Exercise details:
Everything in the data must be repeated exactly, apart from the pictures, which are left out.

Exercise data:
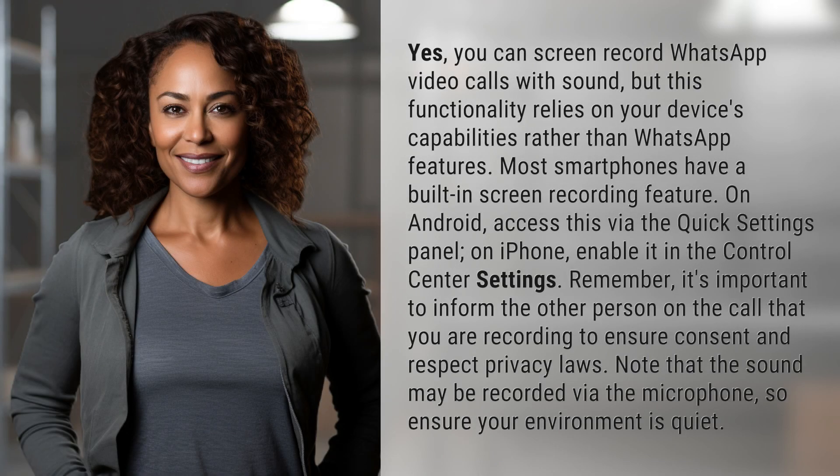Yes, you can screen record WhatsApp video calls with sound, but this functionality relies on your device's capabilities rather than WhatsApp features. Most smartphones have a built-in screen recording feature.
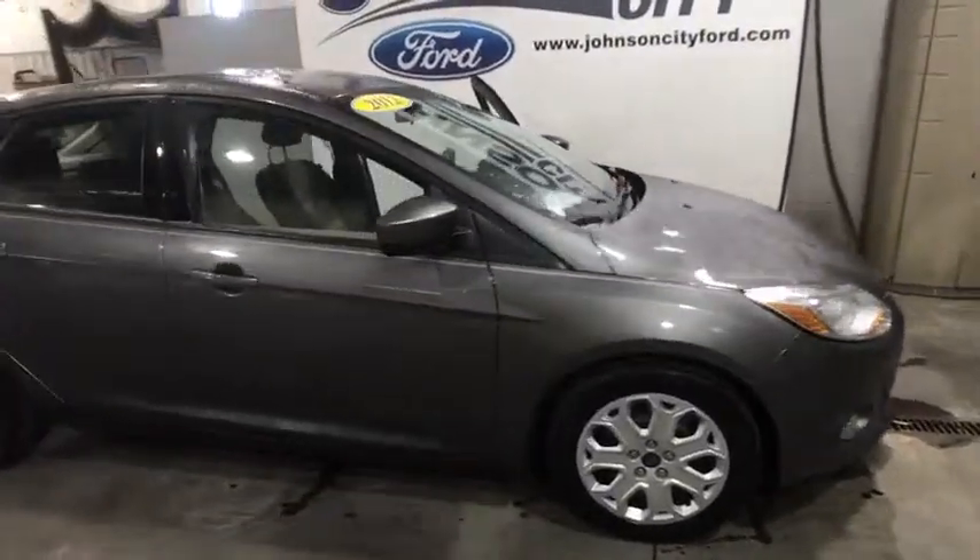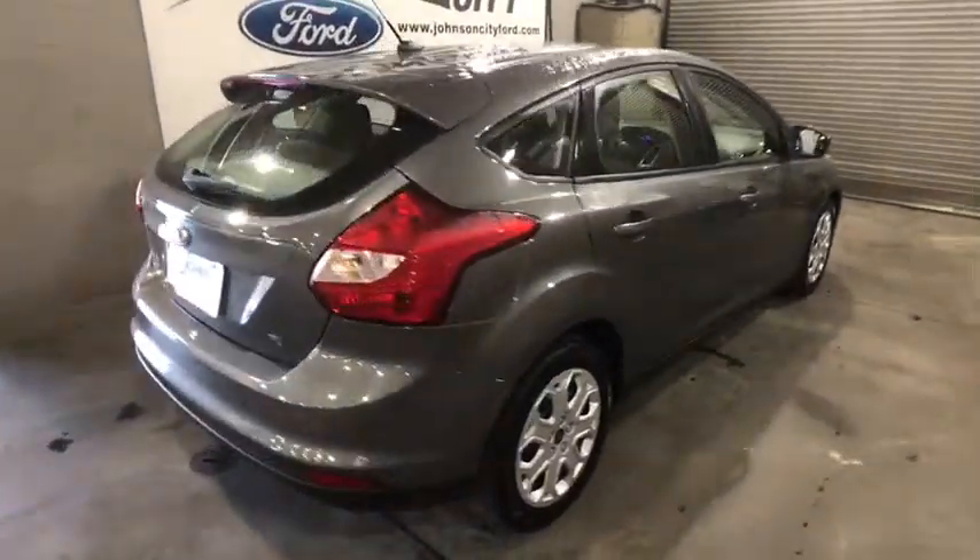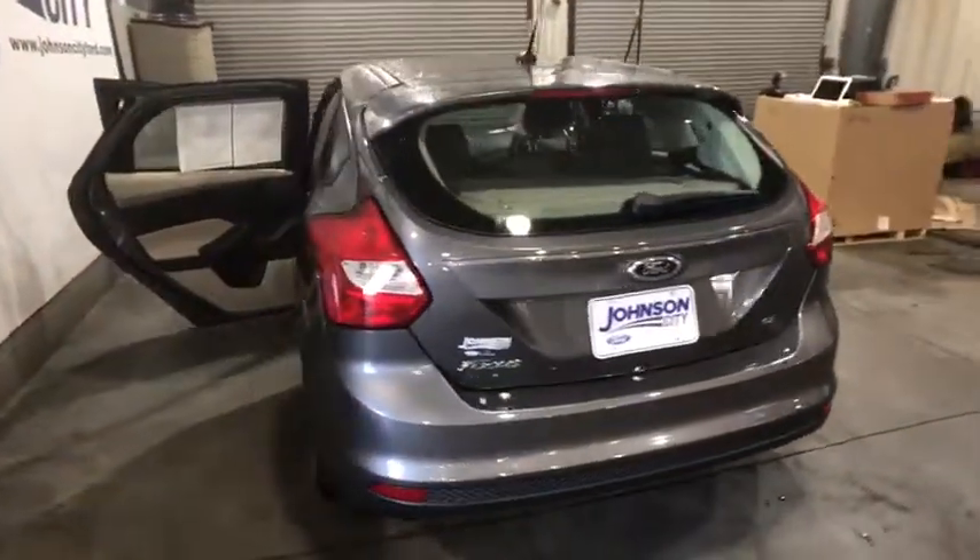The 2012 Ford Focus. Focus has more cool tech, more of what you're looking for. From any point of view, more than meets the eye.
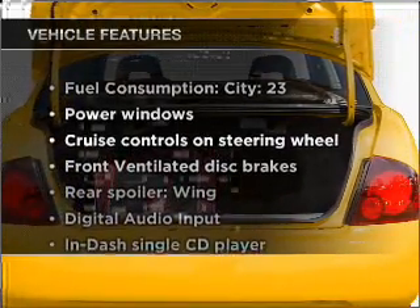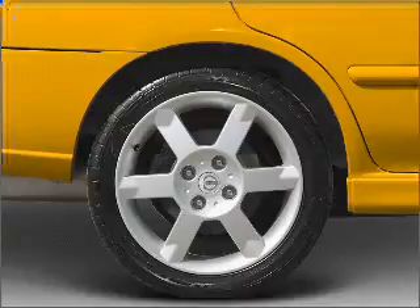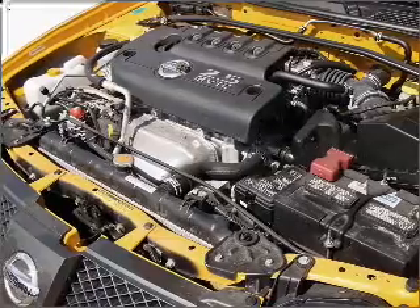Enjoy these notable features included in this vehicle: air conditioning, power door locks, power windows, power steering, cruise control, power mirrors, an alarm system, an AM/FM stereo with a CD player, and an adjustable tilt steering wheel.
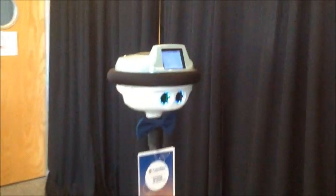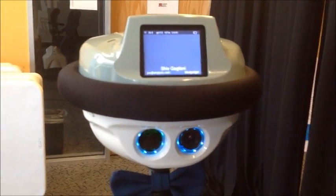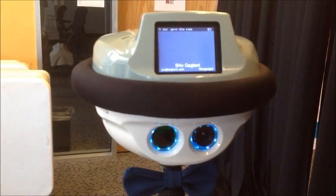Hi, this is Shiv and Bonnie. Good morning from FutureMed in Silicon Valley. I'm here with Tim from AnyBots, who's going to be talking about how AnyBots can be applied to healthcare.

Task output:
Yes, you can screen record WhatsApp video calls with sound, but this functionality relies on your device's capabilities rather than WhatsApp features. Most smartphones have a built-in screen recording feature.
The 2012 Ford Focus. Focus has more cool tech, more of what you're looking for. From any point of view, more than meets the eye.
Enjoy these notable features included in this vehicle: air conditioning, power door locks, power windows, power steering, cruise control, power mirrors, an alarm system, an AM/FM stereo with a CD player, and an adjustable tilt steering wheel.
Hi, this is Shiv and Bonnie. Good morning from FutureMed in Silicon Valley. I'm here with Tim from AnyBots, who's going to be talking about how AnyBots can be applied to healthcare.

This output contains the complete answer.